A sizeable American squareback compendium to drool over.
HERE IN AUSTRALIA, we are fairly well served with shooting products and services but it must be said that they really know how to look after their shooters in the good ol’ US of A. This year’s Gun Digest certainly lives up to that expectation by providing 20 feature articles, five firearms’ tests, two in-depth gun reviews, ten field reports and a very comprehensive catalog (sic) of arms and accessories.

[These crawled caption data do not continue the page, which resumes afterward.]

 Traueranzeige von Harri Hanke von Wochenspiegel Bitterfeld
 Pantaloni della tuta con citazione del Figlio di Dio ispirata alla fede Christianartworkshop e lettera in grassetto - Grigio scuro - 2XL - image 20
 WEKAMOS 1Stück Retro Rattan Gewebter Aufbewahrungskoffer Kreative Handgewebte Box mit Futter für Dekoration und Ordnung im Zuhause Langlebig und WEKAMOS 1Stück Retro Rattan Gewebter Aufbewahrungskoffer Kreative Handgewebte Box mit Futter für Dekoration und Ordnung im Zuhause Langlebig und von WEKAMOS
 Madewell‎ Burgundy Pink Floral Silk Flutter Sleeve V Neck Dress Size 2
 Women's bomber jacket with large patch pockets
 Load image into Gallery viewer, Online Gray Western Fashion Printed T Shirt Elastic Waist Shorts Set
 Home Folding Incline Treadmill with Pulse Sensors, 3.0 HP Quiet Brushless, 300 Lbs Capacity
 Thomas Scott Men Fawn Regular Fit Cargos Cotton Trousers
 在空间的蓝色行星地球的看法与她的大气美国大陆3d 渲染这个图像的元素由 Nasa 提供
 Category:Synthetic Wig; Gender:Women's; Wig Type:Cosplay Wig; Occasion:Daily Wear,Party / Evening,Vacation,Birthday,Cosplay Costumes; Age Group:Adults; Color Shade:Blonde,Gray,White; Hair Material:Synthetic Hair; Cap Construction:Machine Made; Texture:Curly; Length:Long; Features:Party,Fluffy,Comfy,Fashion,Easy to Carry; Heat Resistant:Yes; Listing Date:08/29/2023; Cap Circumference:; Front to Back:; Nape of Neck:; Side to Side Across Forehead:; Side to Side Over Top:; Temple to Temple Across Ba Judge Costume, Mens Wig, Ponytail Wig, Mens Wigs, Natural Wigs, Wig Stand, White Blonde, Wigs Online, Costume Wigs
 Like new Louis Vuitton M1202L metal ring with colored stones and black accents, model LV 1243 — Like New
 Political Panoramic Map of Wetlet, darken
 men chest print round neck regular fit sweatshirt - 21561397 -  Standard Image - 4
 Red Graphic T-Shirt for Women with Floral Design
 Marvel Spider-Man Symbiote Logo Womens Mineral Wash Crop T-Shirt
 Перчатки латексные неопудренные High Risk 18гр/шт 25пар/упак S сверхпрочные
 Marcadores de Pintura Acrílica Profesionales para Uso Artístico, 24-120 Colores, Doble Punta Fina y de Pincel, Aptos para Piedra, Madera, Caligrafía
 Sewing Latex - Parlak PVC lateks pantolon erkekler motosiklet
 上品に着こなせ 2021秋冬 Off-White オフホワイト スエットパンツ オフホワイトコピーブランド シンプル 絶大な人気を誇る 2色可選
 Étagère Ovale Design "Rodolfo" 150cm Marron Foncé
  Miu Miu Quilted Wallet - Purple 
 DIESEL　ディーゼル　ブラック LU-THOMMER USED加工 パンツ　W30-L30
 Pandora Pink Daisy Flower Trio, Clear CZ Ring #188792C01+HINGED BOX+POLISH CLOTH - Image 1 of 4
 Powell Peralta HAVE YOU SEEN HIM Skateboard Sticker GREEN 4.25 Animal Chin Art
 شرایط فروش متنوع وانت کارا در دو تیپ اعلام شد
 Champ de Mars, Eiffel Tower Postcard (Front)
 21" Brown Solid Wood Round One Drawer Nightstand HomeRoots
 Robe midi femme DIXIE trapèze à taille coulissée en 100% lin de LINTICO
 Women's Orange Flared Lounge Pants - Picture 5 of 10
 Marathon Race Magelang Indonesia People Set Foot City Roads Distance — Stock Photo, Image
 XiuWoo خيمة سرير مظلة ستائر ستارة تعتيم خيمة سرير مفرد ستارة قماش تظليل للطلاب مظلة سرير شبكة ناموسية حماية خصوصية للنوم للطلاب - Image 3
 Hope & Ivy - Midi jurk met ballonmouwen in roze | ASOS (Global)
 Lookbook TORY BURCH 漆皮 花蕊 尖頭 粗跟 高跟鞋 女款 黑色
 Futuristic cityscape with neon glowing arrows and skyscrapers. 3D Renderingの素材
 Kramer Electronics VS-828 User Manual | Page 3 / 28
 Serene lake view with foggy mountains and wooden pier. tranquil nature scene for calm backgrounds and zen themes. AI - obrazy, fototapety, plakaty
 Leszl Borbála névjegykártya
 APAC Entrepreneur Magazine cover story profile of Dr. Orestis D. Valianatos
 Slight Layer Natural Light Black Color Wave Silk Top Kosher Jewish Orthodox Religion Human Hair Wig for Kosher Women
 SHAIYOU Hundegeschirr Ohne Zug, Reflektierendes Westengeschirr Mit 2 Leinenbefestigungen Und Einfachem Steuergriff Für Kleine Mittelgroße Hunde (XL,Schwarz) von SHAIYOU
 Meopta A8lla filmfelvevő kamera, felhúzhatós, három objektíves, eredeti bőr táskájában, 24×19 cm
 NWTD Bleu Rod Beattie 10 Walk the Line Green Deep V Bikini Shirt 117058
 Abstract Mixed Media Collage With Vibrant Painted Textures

History arms buffs are well-catered for with articles on the the origin of the .220 Swift cartridge, General Pershing’s Punitive Expedition against Pancho Villa, a fascinating feature on dueling and dueling pistols and my favourite about fairground trick shooting by the likes of A.H. Hardy and Adolph Topperwein around the turn of the last century. Their feats of concentration, marksmanship and endurance are the stuff of legend and worth a book themselves.
In this article appears a sepia photo of Topperwein’s wife taking aim at five shotshells on the fingers of a male “assistant” (potential victim more readily comes to mind). The caption reads, “…Mrs Topperwein plinks shotshells from her husband’s fingers. Please don’t duplicate this stunt with anyone but your current spouse.”
Another quote that speaks of the quality, humour and evocative nature of the writing throughout follows:
“In the 1890s, Hyannis was a remote wideopen cow town rife with the usual vices. Two hundred souls, most with a hand in the cattle business, called it home. There was gambling to be had and fleshy favors to be bargained for. A cowboy celebrating payday by riding his horse into a saloon was not a fairy tale dreamed up by the B-Western writer: it happened regularly in Hyannis. The last time the stunt was pulled, I am informed, was a short fifteen years ago.”